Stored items
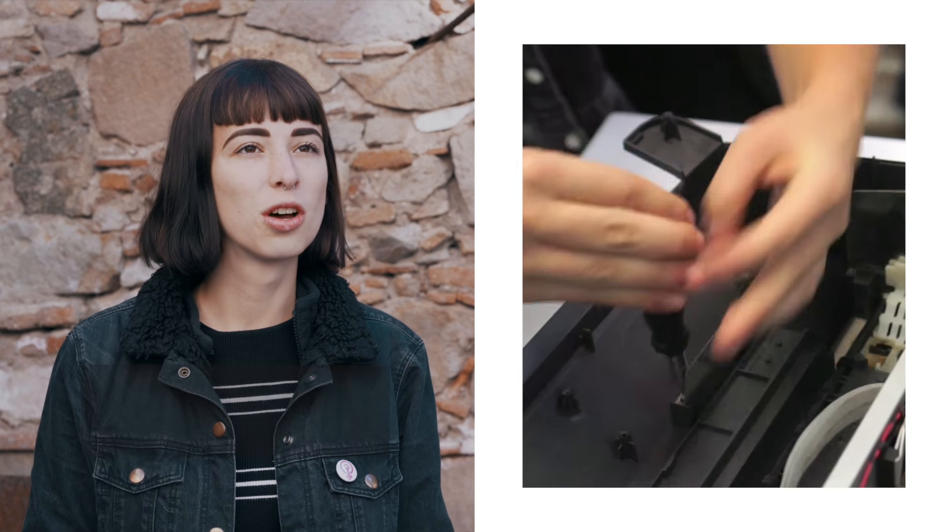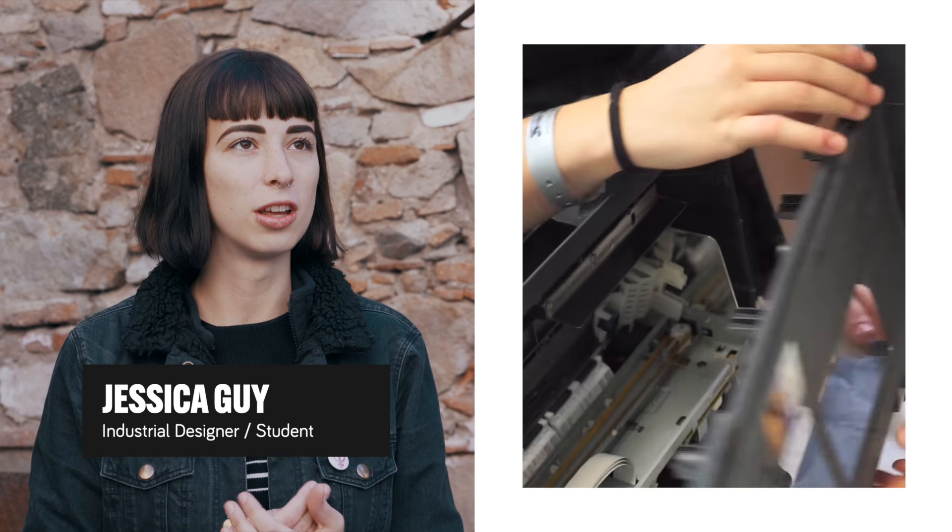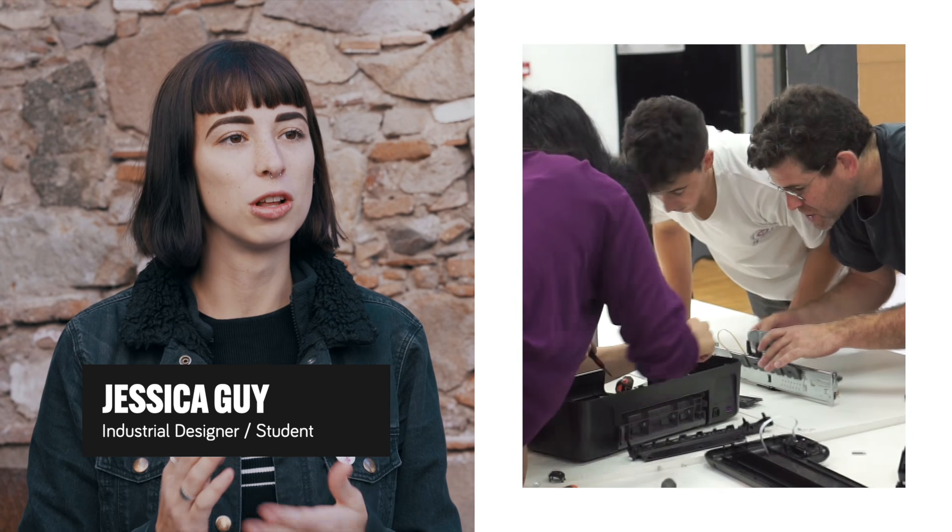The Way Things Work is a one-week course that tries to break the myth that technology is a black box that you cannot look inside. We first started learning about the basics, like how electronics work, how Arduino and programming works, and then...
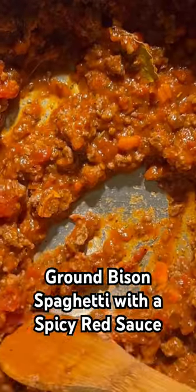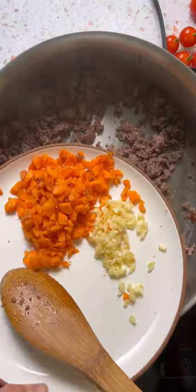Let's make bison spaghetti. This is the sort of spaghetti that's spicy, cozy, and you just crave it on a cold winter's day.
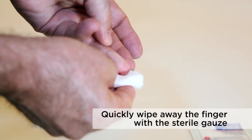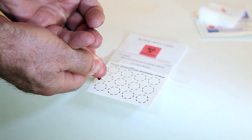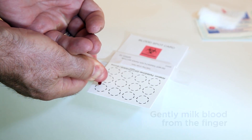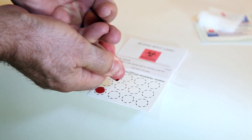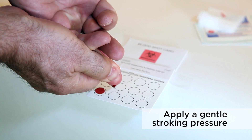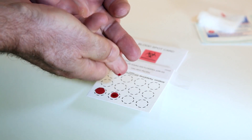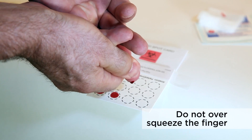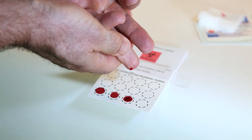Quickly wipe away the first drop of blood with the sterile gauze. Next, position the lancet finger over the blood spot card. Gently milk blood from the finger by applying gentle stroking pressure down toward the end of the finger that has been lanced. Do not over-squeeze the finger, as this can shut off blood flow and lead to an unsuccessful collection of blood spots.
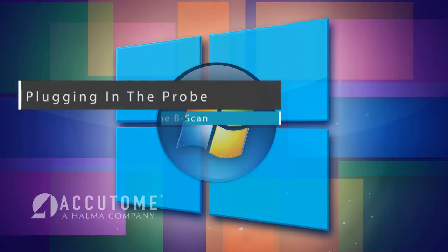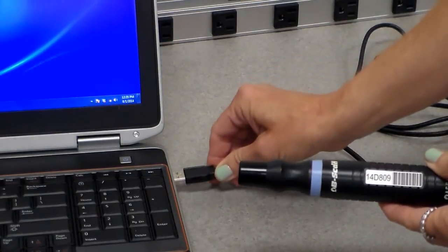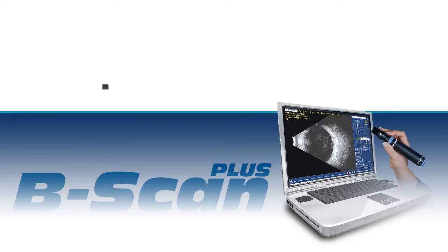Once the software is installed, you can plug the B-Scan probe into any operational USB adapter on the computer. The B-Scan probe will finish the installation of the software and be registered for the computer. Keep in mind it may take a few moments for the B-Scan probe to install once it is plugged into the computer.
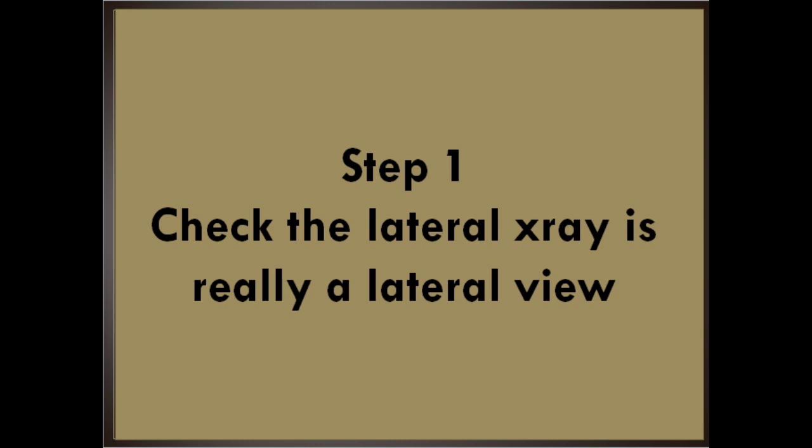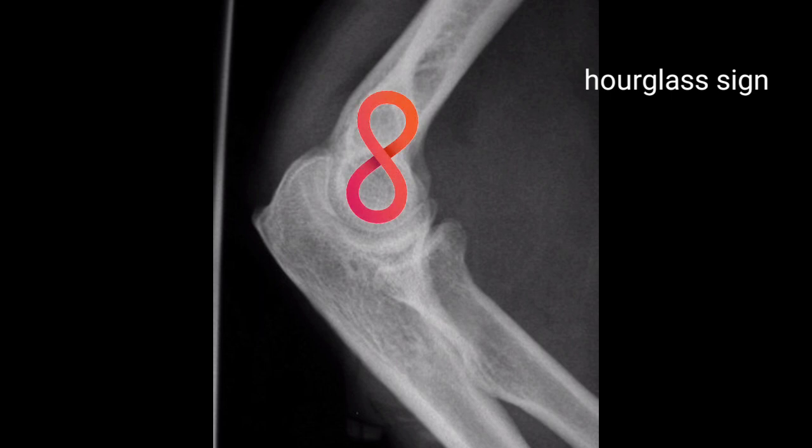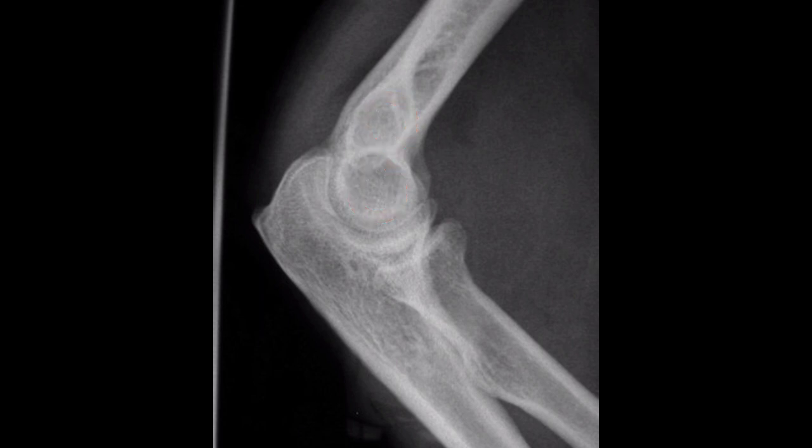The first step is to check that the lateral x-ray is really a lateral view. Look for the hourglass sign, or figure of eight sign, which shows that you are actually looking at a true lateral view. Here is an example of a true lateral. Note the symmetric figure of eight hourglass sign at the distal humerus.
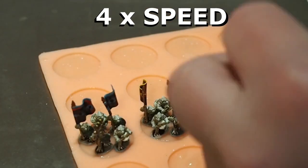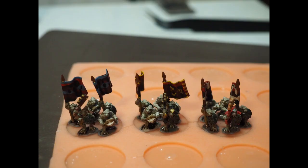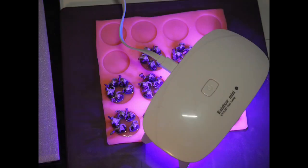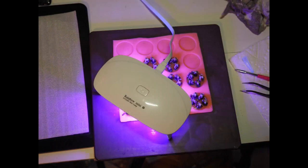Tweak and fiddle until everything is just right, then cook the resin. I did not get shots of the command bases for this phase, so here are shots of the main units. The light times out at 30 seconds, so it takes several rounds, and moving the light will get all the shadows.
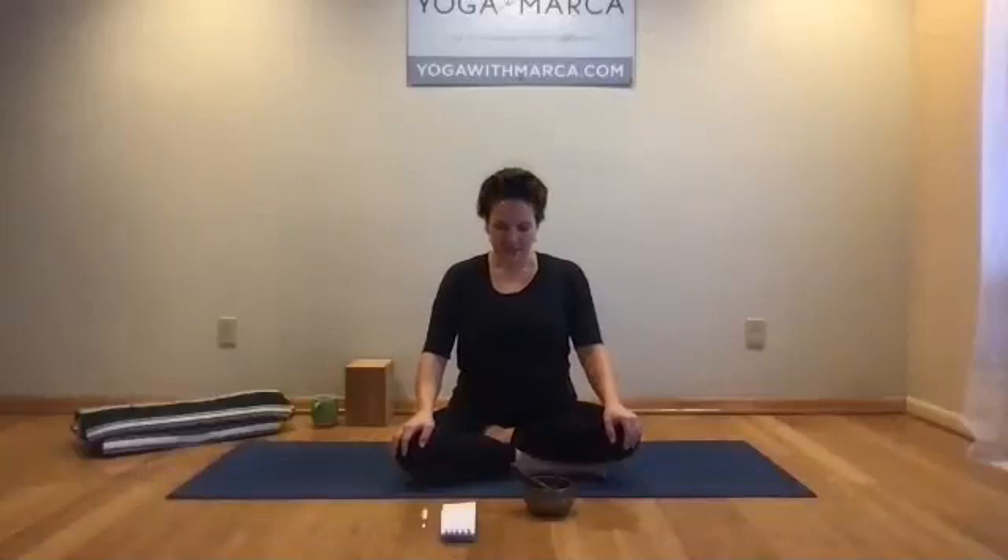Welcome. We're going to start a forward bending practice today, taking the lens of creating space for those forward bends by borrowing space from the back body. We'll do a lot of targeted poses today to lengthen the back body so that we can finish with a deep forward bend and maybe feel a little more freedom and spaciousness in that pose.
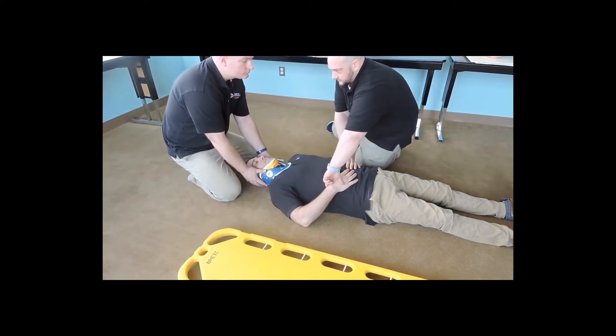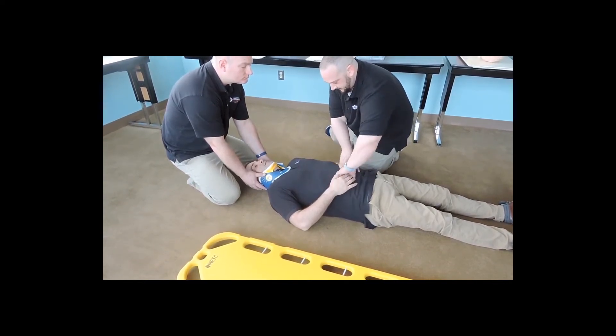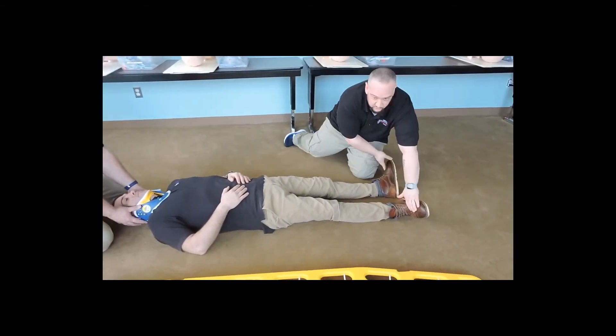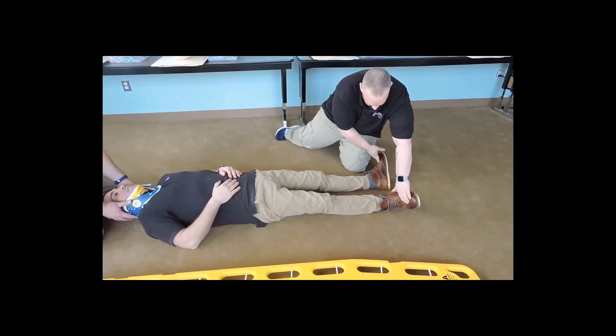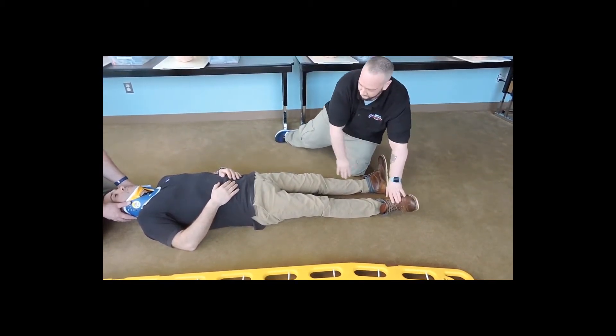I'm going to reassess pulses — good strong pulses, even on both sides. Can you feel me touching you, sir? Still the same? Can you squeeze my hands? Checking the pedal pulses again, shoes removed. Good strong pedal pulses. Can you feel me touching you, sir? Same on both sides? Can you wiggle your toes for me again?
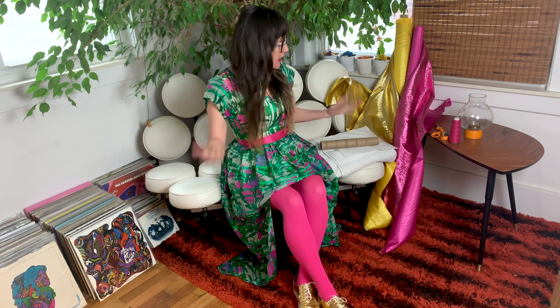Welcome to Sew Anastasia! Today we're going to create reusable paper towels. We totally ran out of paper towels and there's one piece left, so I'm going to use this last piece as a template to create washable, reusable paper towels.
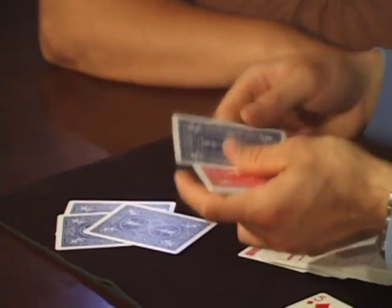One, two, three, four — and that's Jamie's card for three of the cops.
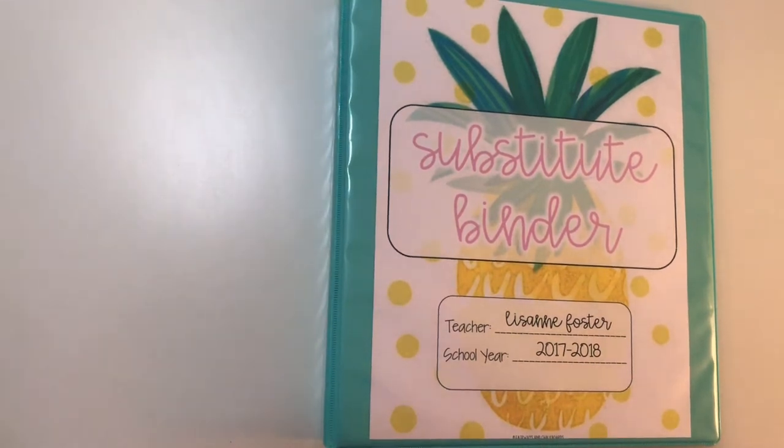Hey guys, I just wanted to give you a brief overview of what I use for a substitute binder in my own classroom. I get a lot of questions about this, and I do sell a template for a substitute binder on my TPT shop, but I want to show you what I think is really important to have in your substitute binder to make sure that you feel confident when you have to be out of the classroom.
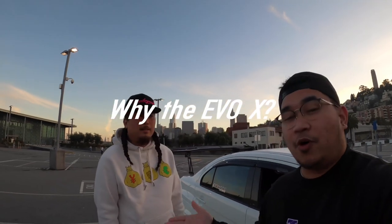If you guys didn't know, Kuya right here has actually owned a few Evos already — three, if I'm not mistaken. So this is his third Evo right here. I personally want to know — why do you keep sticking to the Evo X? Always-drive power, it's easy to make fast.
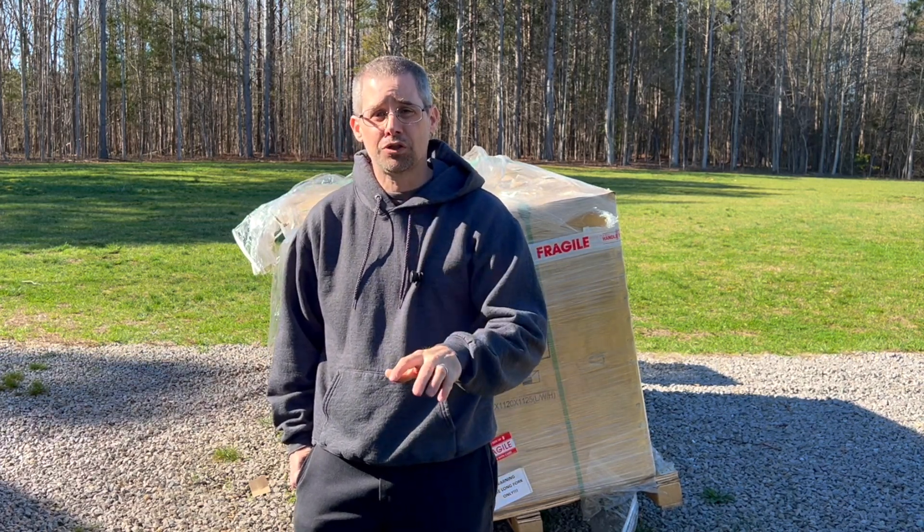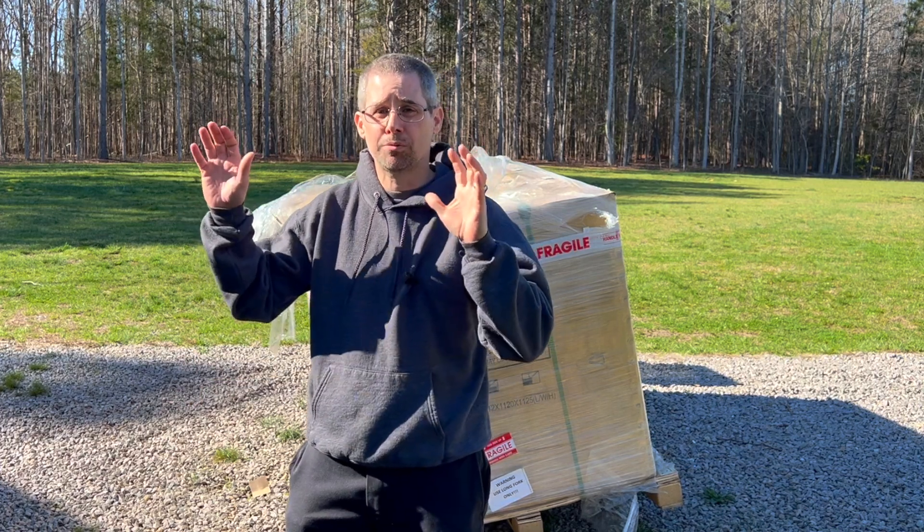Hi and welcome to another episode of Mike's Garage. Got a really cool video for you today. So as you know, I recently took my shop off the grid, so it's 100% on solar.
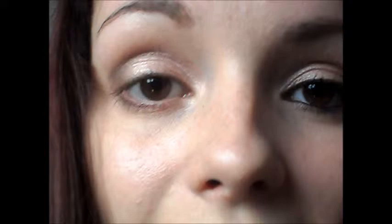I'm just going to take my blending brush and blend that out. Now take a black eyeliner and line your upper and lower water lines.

What is needed »
Nothing but the lines from the one with "The first step" up to and including the one with "Tweak and fiddle" should be printed, exactly as they read above. Please keep the pictures out.

Exercise response »
The first step is to check that the lateral x-ray is really a lateral view. Look for the hourglass sign, or figure of eight sign, which shows that you are actually looking at a true lateral view. Here is an example of a true lateral. Note the symmetric figure of eight hourglass sign at the distal humerus.
Tweak and fiddle until everything is just right, then cook the resin. I did not get shots of the command bases for this phase, so here are shots of the main units. The light times out at 30 seconds, so it takes several rounds, and moving the light will get all the shadows.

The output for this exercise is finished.